__Provided entries__:
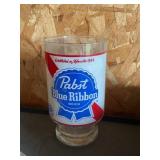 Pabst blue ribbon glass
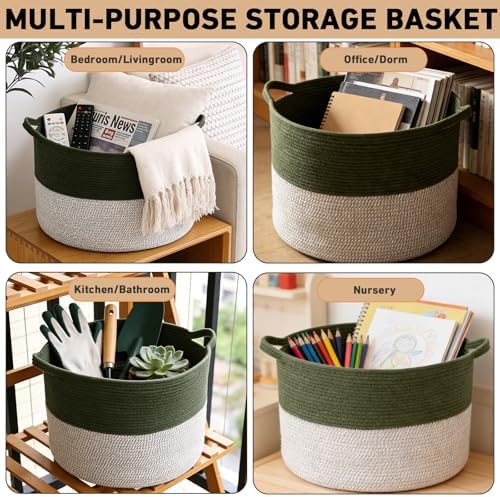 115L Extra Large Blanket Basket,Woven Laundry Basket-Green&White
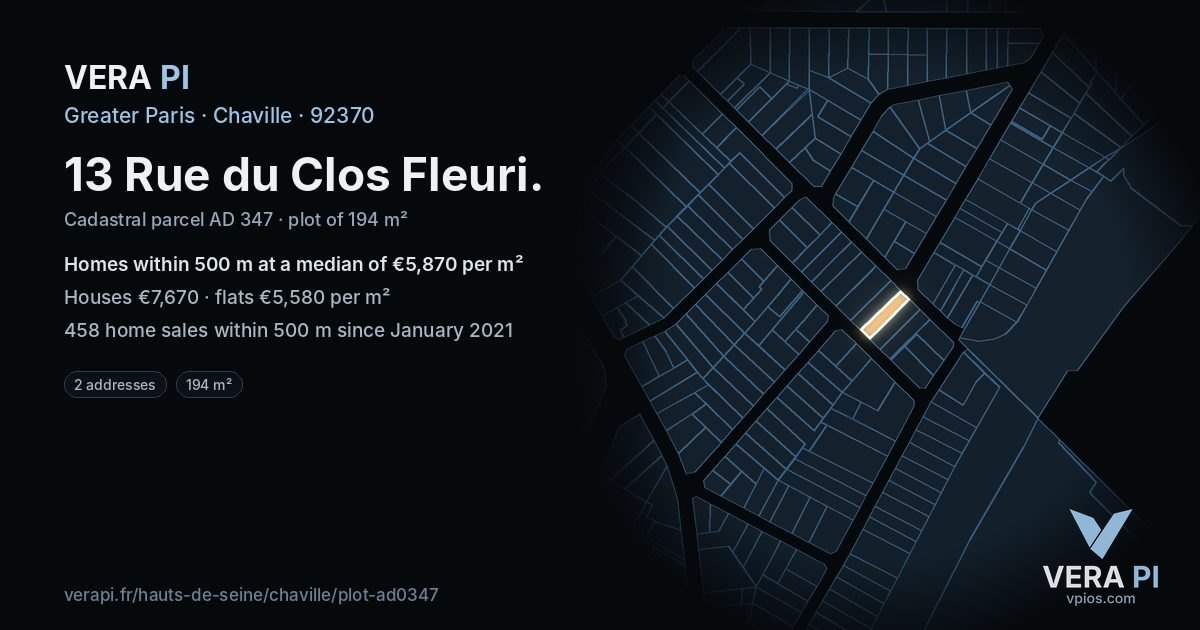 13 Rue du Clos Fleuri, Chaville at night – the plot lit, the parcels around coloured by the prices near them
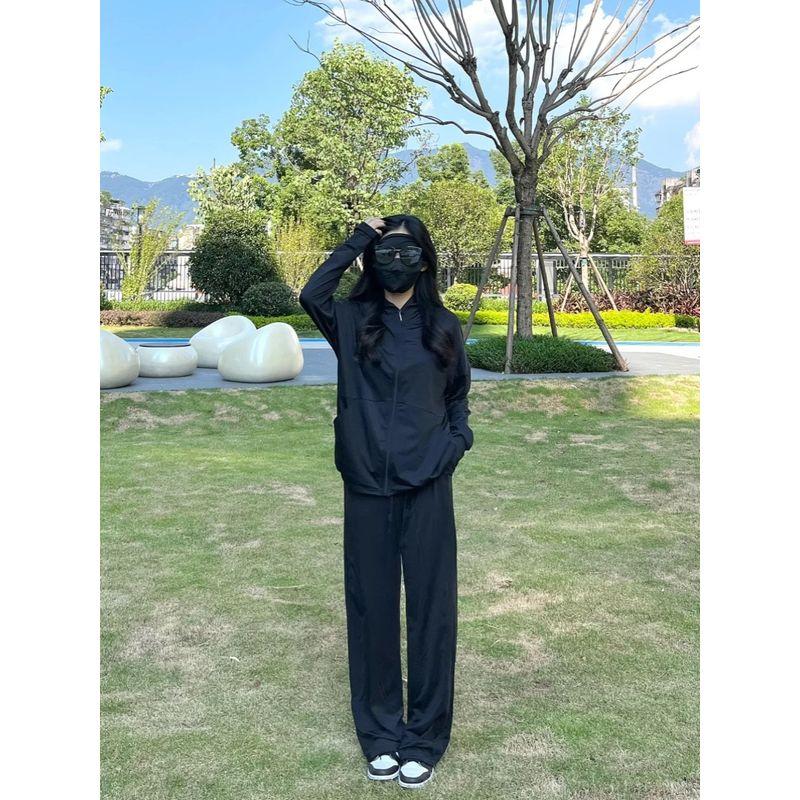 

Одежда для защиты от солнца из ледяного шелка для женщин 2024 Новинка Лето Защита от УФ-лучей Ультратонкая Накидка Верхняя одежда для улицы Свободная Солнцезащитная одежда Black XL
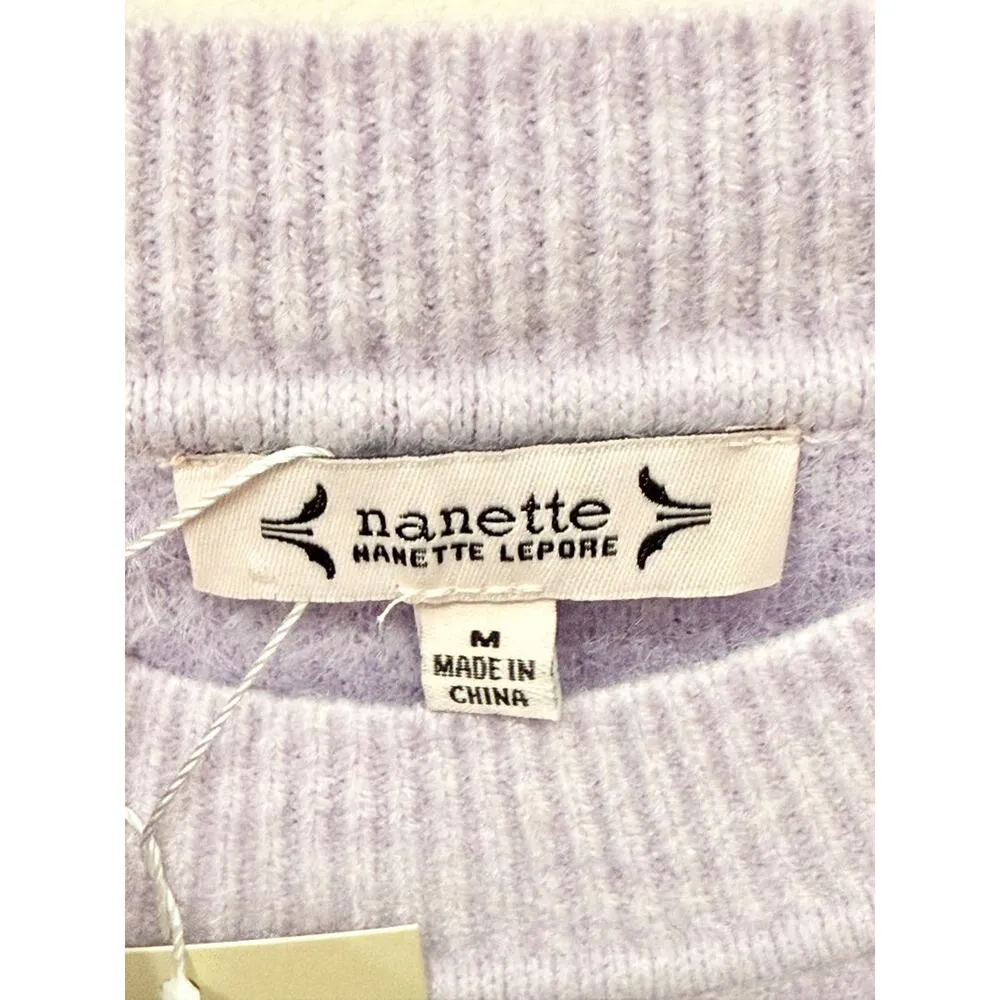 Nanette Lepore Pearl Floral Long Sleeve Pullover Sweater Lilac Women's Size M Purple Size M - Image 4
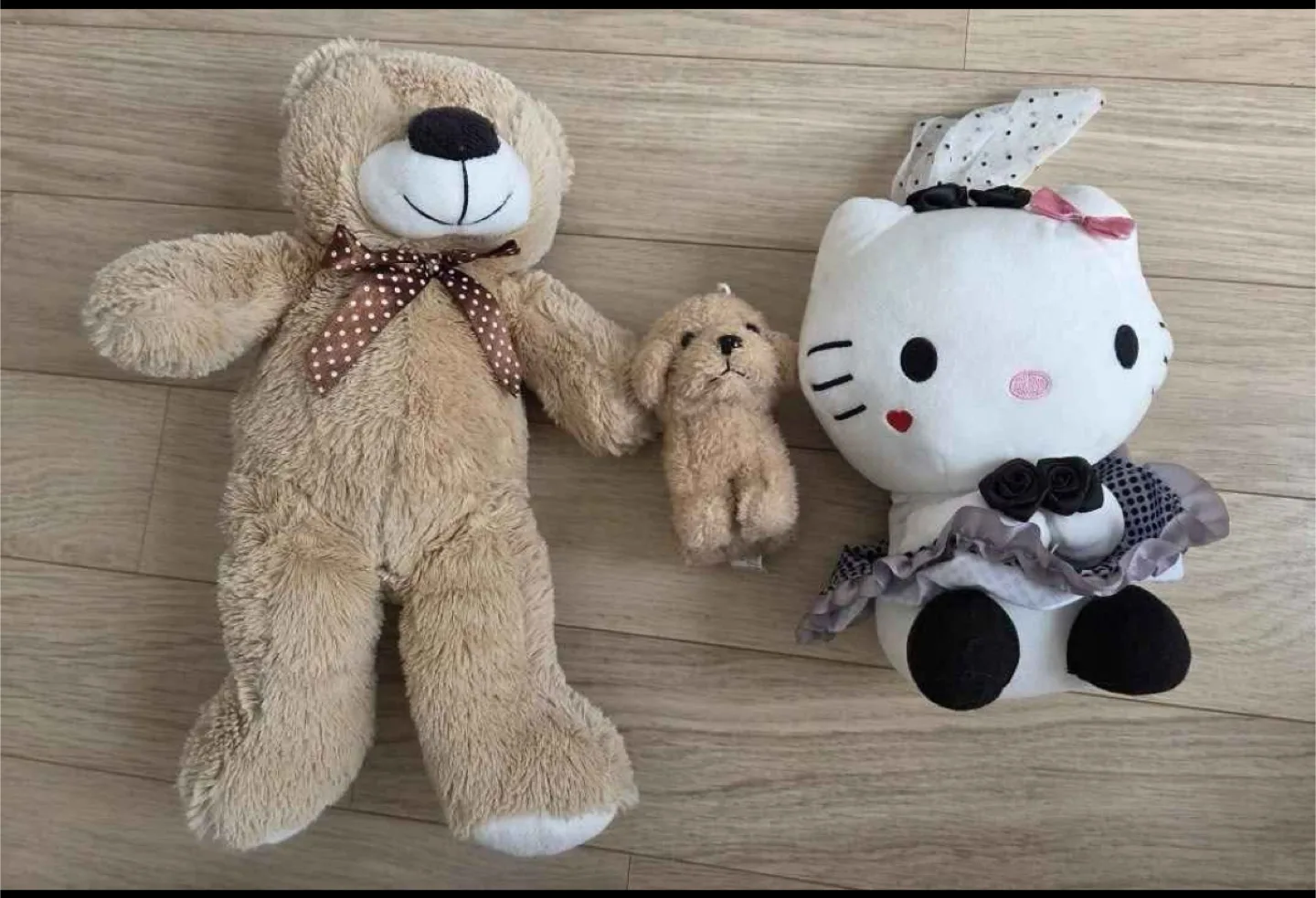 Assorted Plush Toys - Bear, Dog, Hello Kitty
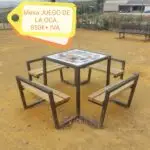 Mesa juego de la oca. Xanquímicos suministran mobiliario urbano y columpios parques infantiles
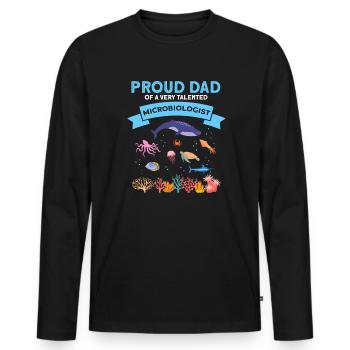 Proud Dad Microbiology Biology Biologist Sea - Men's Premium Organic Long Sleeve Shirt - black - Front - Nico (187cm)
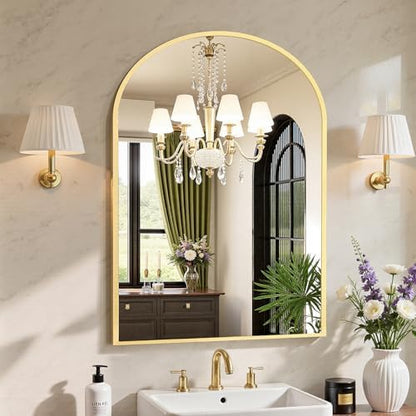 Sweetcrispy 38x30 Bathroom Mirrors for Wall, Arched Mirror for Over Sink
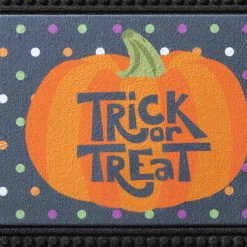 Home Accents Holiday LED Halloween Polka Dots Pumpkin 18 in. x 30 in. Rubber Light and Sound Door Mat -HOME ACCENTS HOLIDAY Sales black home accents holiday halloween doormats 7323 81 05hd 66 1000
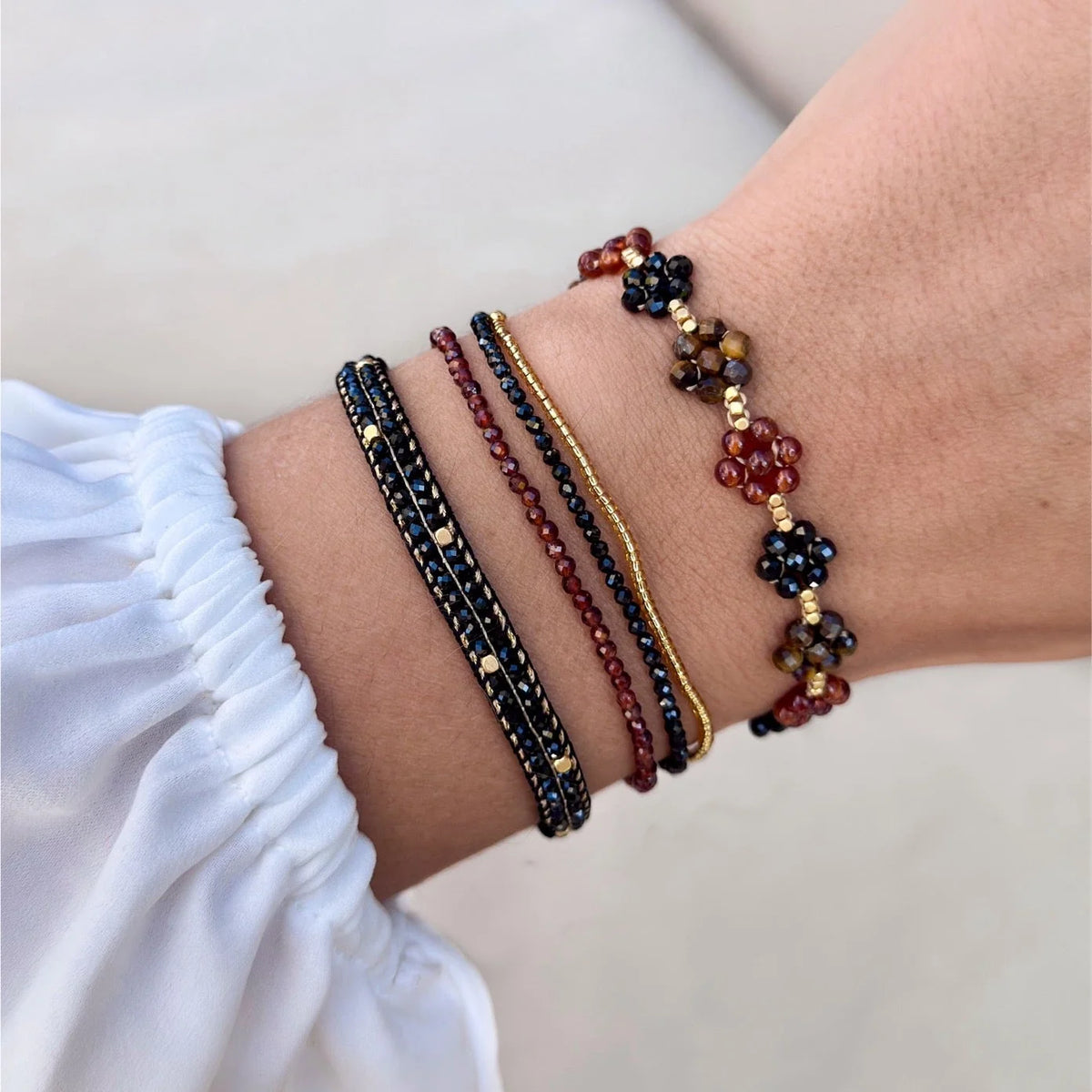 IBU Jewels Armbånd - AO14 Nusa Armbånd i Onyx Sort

__Exercise requirements__: Would you restate word for word only the lines from the line with "Nanette Lepore Pearl" to the last line above, with the pictures left out?

__Output for this exercise__:
 Nanette Lepore Pearl Floral Long Sleeve Pullover Sweater Lilac Women's Size M Purple Size M - Image 4
 Assorted Plush Toys - Bear, Dog, Hello Kitty
 Mesa juego de la oca. Xanquímicos suministran mobiliario urbano y columpios parques infantiles
 Proud Dad Microbiology Biology Biologist Sea - Men's Premium Organic Long Sleeve Shirt - black - Front - Nico (187cm)
 Sweetcrispy 38x30 Bathroom Mirrors for Wall, Arched Mirror for Over Sink
 Home Accents Holiday LED Halloween Polka Dots Pumpkin 18 in. x 30 in. Rubber Light and Sound Door Mat -HOME ACCENTS HOLIDAY Sales black home accents holiday halloween doormats 7323 81 05hd 66 1000
 IBU Jewels Armbånd - AO14 Nusa Armbånd i Onyx Sort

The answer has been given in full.